Cop21 et restrictions budgétaires obligent, nous n’irons pas au Ben Nevis cet hiver ! Mais ça tombe plutôt bien, il existe une mini Ecosse à 2 pas et 3 télécabines de la maison : La rive gauche inférieur du glacier d’Argentière ! Pas un piton, pas une cordelette et encore moins de spits en place dans ce secteur. « L’aventure à 50m des pistes de ski » dixit Jeff Mercier. C’est bien vrai !!
30 minutes d’approche en peau de phoque ou même à pied depuis la gare de Lognan, ou encore par « ski de gravité » depuis le télésiège de la herse… Quelques rappels et nous voilà au pied du mur.
Le Capitaine Didier J. et le caporal Max B. rendent visite au secteur « Blade stadium » mardi 26 et mercredi 27 janvier. Ils grimpent a cette occasion les voies « Nightmare Rex (M7+) » accompagné par Pierre Labbre et le lendemain « Flama Libra (M6+) ».
Le Capitaine Didier J. se plait tellement dans cette rive gauche du glacier d’argentiere qu’il décide d’y retourner une troisième fois dans la semaine. Cette fois il visite le secteur « Highlands » et grimpe la voie « Bringing Home the Bacon (M6+) » en compagnie du caporal Antoine B.
La ligne remonte en 3 longueurs (M5/M5+/M6+) une fissure caractéristique. Nous sommes partis bien équipés avec 2 jeux complets de Alien/totem/Camalot du 000 au 3 et 1 jeu de cablés. Si nous avions eu 3 jeux nous les aurions utilisés !!
Les conditions de glace sont vraiment pas mal pour un mi avril ! La terre pas vraiment gelée et les petits blocs instables qui remplissent la fissure rendent l’expérience encore plus formatrice… mais ça passe.
Il nous faut quand même 5h pour 120m d’escalade !!
Nous rechaussons les skis à la grille ou nous sommes descendus en rappels. Nous nous laissons glisser jusqu’à Argentière avec l’impression d’avoir vécu une belle aventure écossaise.

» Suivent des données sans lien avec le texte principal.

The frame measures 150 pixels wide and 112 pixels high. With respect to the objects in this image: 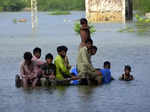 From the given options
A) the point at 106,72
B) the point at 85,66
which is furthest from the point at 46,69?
the point at 106,72

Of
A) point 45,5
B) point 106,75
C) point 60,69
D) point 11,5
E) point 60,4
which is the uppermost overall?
point 60,69

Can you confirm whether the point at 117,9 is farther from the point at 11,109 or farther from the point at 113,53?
the point at 11,109

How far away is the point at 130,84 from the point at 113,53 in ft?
30.6

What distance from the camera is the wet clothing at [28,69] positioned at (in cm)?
1308

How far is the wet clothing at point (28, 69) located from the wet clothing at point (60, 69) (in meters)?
0.45

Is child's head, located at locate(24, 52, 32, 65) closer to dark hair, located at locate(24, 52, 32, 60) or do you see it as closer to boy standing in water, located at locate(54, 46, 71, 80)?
dark hair, located at locate(24, 52, 32, 60)

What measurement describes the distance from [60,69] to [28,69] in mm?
614

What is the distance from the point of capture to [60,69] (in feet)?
43.5

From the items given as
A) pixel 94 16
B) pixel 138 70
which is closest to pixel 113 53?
pixel 138 70

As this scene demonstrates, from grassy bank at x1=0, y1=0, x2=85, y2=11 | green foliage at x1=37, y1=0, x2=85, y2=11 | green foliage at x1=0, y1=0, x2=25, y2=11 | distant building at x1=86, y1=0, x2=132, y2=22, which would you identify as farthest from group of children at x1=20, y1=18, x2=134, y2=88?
green foliage at x1=37, y1=0, x2=85, y2=11

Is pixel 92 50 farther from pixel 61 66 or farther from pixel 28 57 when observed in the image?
pixel 28 57

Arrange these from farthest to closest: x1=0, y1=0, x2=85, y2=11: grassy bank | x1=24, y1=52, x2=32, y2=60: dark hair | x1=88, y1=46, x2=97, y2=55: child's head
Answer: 1. x1=0, y1=0, x2=85, y2=11: grassy bank
2. x1=88, y1=46, x2=97, y2=55: child's head
3. x1=24, y1=52, x2=32, y2=60: dark hair

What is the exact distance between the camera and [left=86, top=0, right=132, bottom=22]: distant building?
189 feet

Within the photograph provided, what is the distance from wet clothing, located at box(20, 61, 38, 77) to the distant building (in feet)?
145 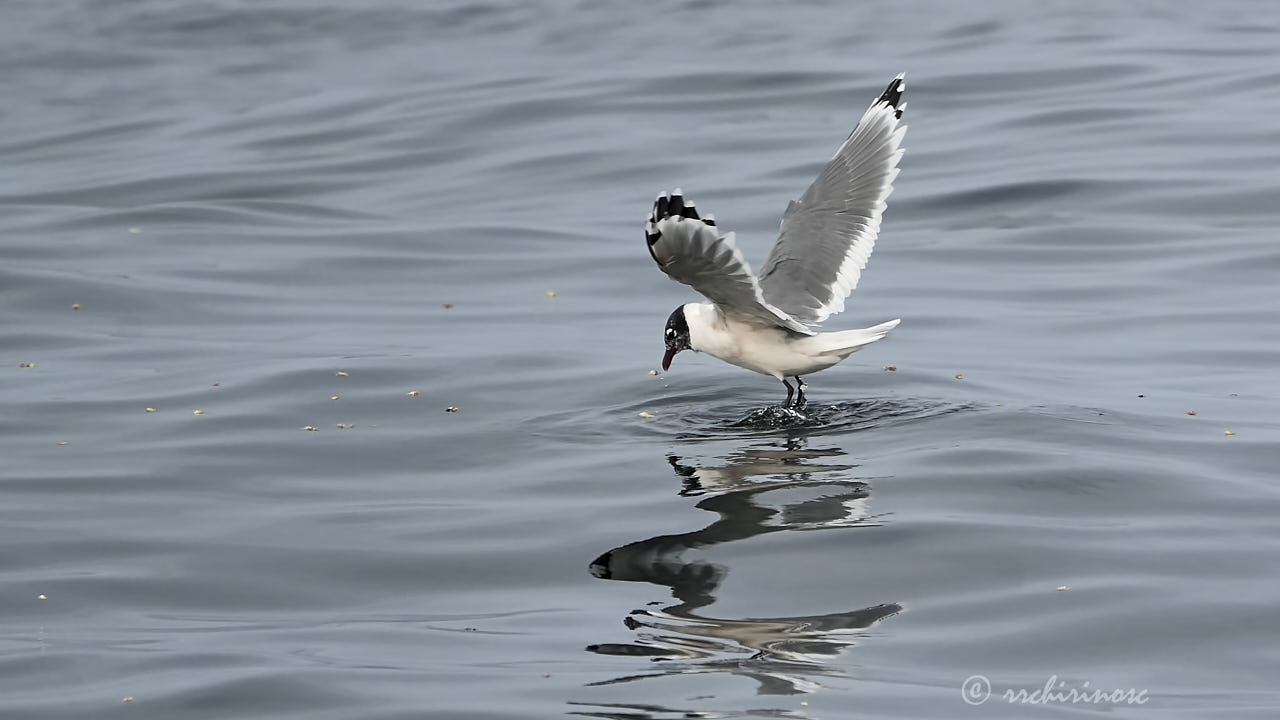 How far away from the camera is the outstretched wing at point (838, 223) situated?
1033cm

Le meilleure topo internet reste le blog de Jeff Mercier qui a bien trainé ses crampons dans le secteur : http://jeffmercier.blogspot.fr/p/blade-stadium.html
Acte 4 : « Mixte » à la Herse.
Pour finir la semaine en beauté, les adjudants Seb M. et Arnaud B. se rendent à la Herse.
Quand les glaciéristes empruntent le télésiège de la Herse c’est pour foncer skis aux pieds vers la rive gauche du glacier d’argentière. C’est l’accès de faignant par excellence puisqu’il permet de s’affranchir des peaux de phoque. Concentrés à être les premiers, biens peu levent le nez sur les barres qui jouxtent ce célèbre hors-piste. Quand bien même l’idée leurs viendrait de s’attarder sur ces rochers, le hurlement du rider immortalisant son run sur sa gopro, le vrombissement des ratracks et le ronron du télésiège n’encourage pas à s’attarder ici. Pourtant cette arête offre de nombreuses possibilités et quelques connaisseurs sont allés user leurs lames dans les contreforts de l’arête des rachasses. Une fois quitté le confortable six places débrayable une petite ligne saute aux yeux et ce sera notre choix du jour.
La qualité du rocher n’est pas la qualité première des premiers mètres. Comme partout, le retrait glaciaire a laissé des cicatrices. De là à faire demi-tour il y a un fossé car la suite est plus alléchante. Une seconde longueur nous redonne le sourire. Plus raide, juste ce qu’il faut de prises de pieds et de fissures à coincement. Les derniers trois mètres en léger devers avec un rétablissement sur des touffes d’herbes gelées finissent de nous convaincre. La suite réserve aussi ses bonnes surprises avec un rocher de qualité et même de la vraie glace de goulotte.
C’est certain l’arête des rachasses ne détrônera pas les itinéraires d’ampleur du massif. On y vient avant tout pour sa facilité d’accès ou pour occuper une journée de temps moyen. Mais ces aprioris ne doivent pas évincer les possibilités qu’offrent ce secteur dans des niveaux et des styles très différent. Pensez-y La prochaine fois que vous butterez devant une benne des grands Montets fermée.